You are viewing a plain text version of this content. The canonical link for it is here.
Posted to dev@nifi.apache.org by Milan Das <md...@interset.com> on 2018/03/16 14:39:30 UTC

Finding Performance bottleneck issue

I have a custom processor, it works as expected. But I feel there is some performance measure need to be done. I see that my processor is actually queuing up  records at source.

Is there a run a load  test and do performance measure for Custom Processor?

 

Regards,

Milan Das


Re: Finding Performance bottleneck issue

Posted by Milan Das <md...@interset.com>.
Thanks for your help Mike Thomsen & Joe Witt.
Performance problem was in the way I was each line from flow input. My logic was : io.InputStream->io.BufferedReader-> while reader.readLine() loop.
Now I am using guava library.
I have changed the code to use “String inputString = CharStreams.toString(new InputStreamReader(in, "UTF-8"));”
I gained 20 times  performance.


Regards,
Milan Das





On 3/16/18, 12:07 PM, "Mike Thomsen" <mi...@gmail.com> wrote:

    That seems like a very reasonable use case.
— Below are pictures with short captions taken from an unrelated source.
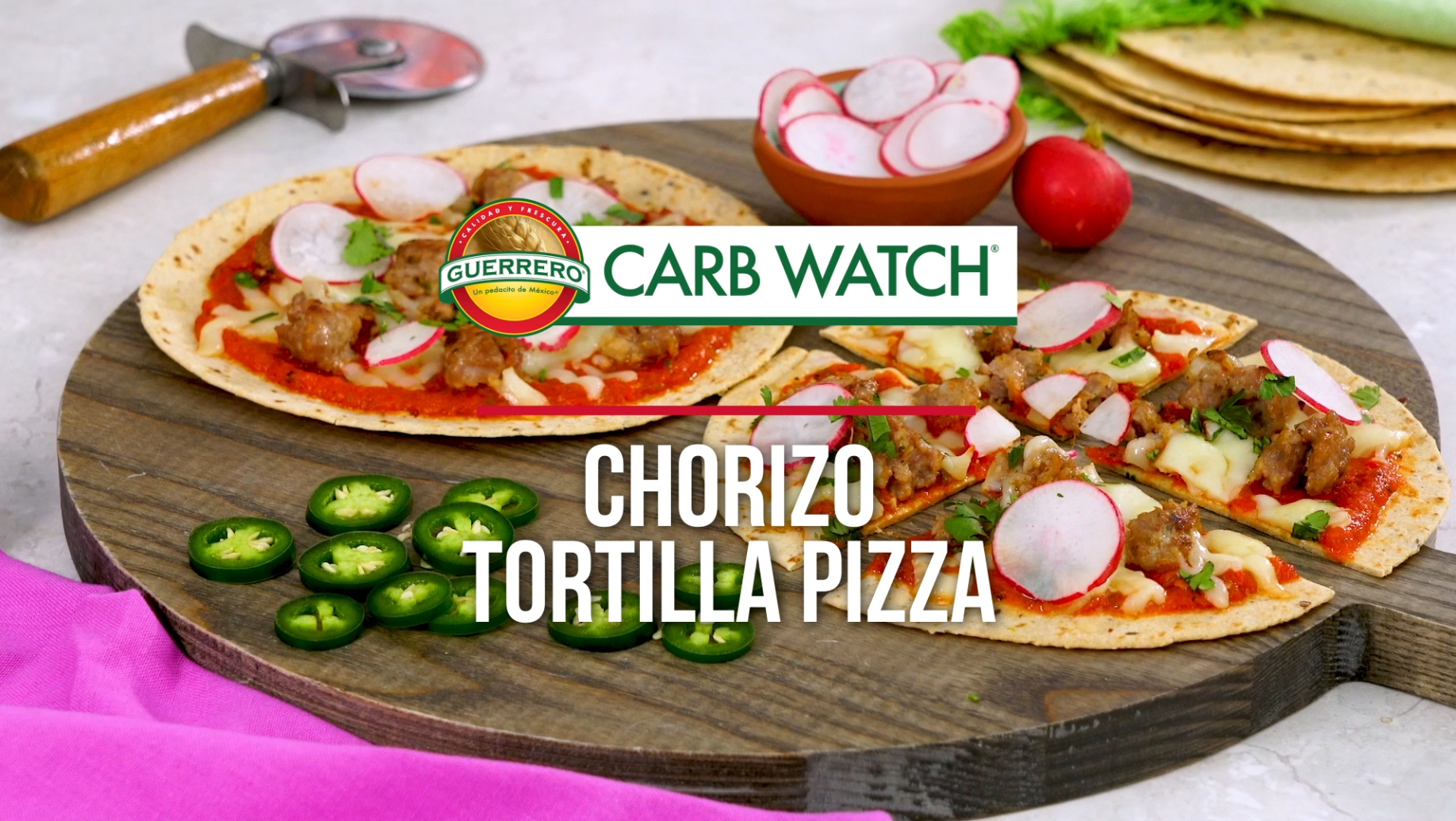 Chorizo Tortillas Pizza video image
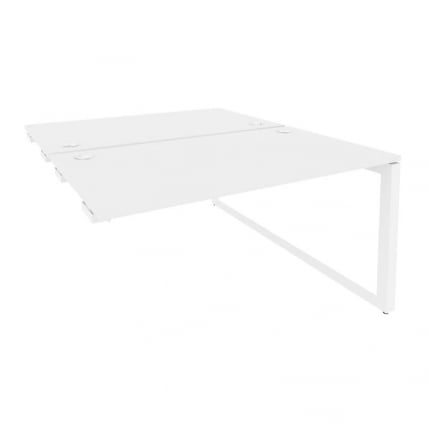Стол-приставка двойной на О-образном м/к к опорым элем. ONIX O.MO-D.SPR-3.8 Белый Бриллиант_0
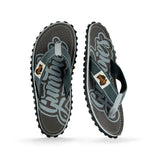 Gumbies ISLANDER Unisex Recycled Flip-Flops Cool Grey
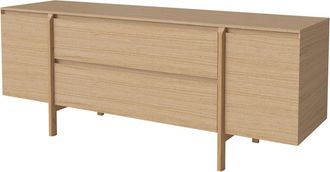 Bolia Daia Sideboard mit Schubladen, 180 cm, Eiche ge&ouml;lt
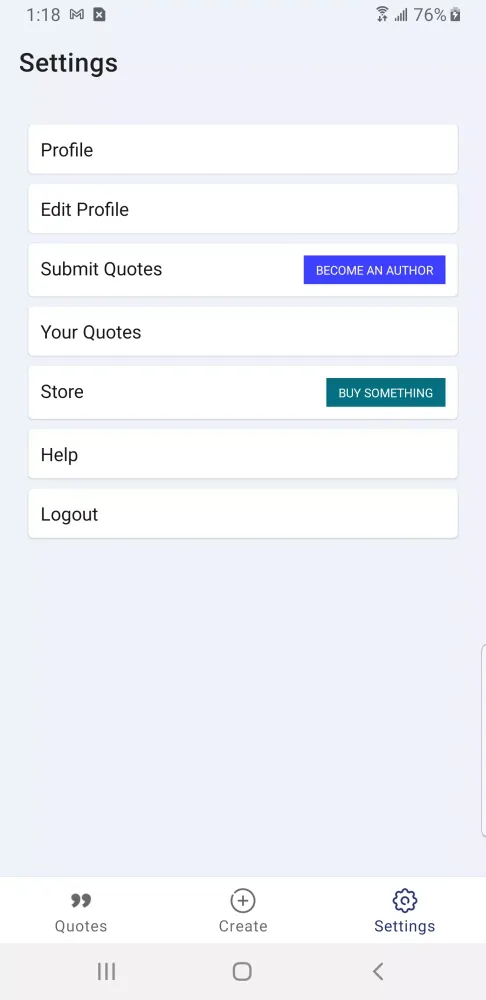 Quote Maker Ekran Görüntüleri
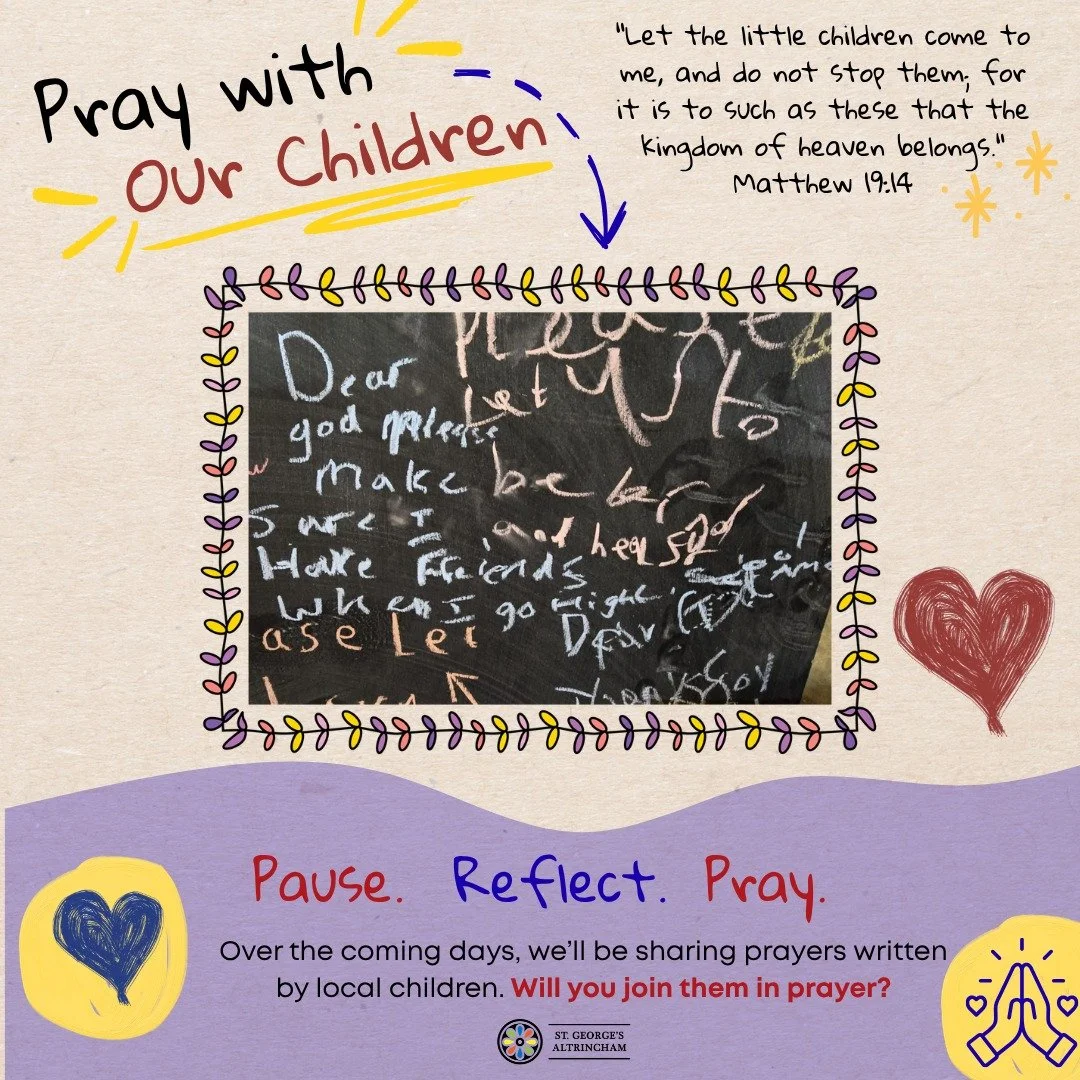 Small Voices, Big Prayers:

For many of our young people, the summer holidays are a season of change. Some will be starting new schools, others beginning college or university, and some taking their first steps into the world of work.

But if we're h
You said:
    
    > I see that my processor is actually queuing up  records at source.
    
    Are you saying that the processor isn't able to process them that quickly
    such that you're seeing a big backlog in the input queue?
    
    On Fri, Mar 16, 2018 at 11:56 AM, Milan Das <md...@interset.com> wrote:
    
    > Hi Mike,
    > My processor is processing windows Text event as below and creating a JSON
    > out of it.
    > Also I am applying simple JoltTransformer (Simple just Shift and Default)
    > to convert to different  JSON (no hierarchy) .
    >
    > Output have the following:
    > 1. Original text
    > 2. Converted JSON
    > 3. JOLT transformed JSON
    > 4. Failure
    >
    >
    > Steps in program:
    > 1. Converting the event to Java Map (using regex: "([^:=]*)[:=]([^:=]*)")
    > 2. Map to Json (using Gson)
    > 3. Jolt transfeormation
    >
    >
    >
    > Example event:
    >
    > Examples of 4626
    > User / Device claims information.
    >
    > Subject:
    >     Security ID:     %1
    >     Account Name:    %2
    >     Account Domain:  %3
    >     Logon ID:        %4
    >
    > Logon Type:          %9
    >
    > New Logon:
    >     Security ID:     %5
    >     Account Name:    %6
    >     Account Domain:  %7
    >     Logon ID:        %8
    >
    > Event in sequence:   %10 of %11
    >
    > User Claims:         %12
    >
    > Device Claims:       %13
    >
    > The subject fields indicate the account on the local system which
    > requested the logon. This is most commonly a service such as the Server
    > service, or a local process such as Winlogon.exe or Services.exe.
    >
    > The logon type field indicates the kind of logon that occurred. The most
    > common types are 2 (interactive) and 3 (network).
    >
    > The New Logon fields indicate the account for whom the new logon was
    > created, i.e. the account that was logged on.
    >
    > This event is generated when the Audit User/Device claims subcategory is
    > configured and the user’s logon token contains user/device claims
    > information. The Logon ID field can be used to correlate this event with
    > the corresponding user logon event as well as to any other security audit
    > events generated during this logon session.
    >
    >
    >
    > Regards,
    > Milan Das
    >
    >
    > On 3/16/18, 10:56 AM, "Mike Thomsen" <mi...@gmail.com> wrote:
    >
    >     Milan,
    >
    >     Can you share some details about where you are running into problems?
    > Like
    >     a basic description of what it's trying to do?
    >
    >     On Fri, Mar 16, 2018 at 10:39 AM, Milan Das <md...@interset.com> wrote:
    >
    >     > I have a custom processor, it works as expected. But I feel there is
    > some
    >     > performance measure need to be done. I see that my processor is
    > actually
    >     > queuing up  records at source.
    >     >
    >     > Is there a run a load  test and do performance measure for Custom
    >     > Processor?
    >     >
    >     >
    >     >
    >     > Regards,
    >     >
    >     > Milan Das
    >     >
    >     >
    >
    >
    >
    >
    



Re: Finding Performance bottleneck issue

Posted by Mike Thomsen <mi...@gmail.com>.
That seems like a very reasonable use case. You said:

> I see that my processor is actually queuing up  records at source.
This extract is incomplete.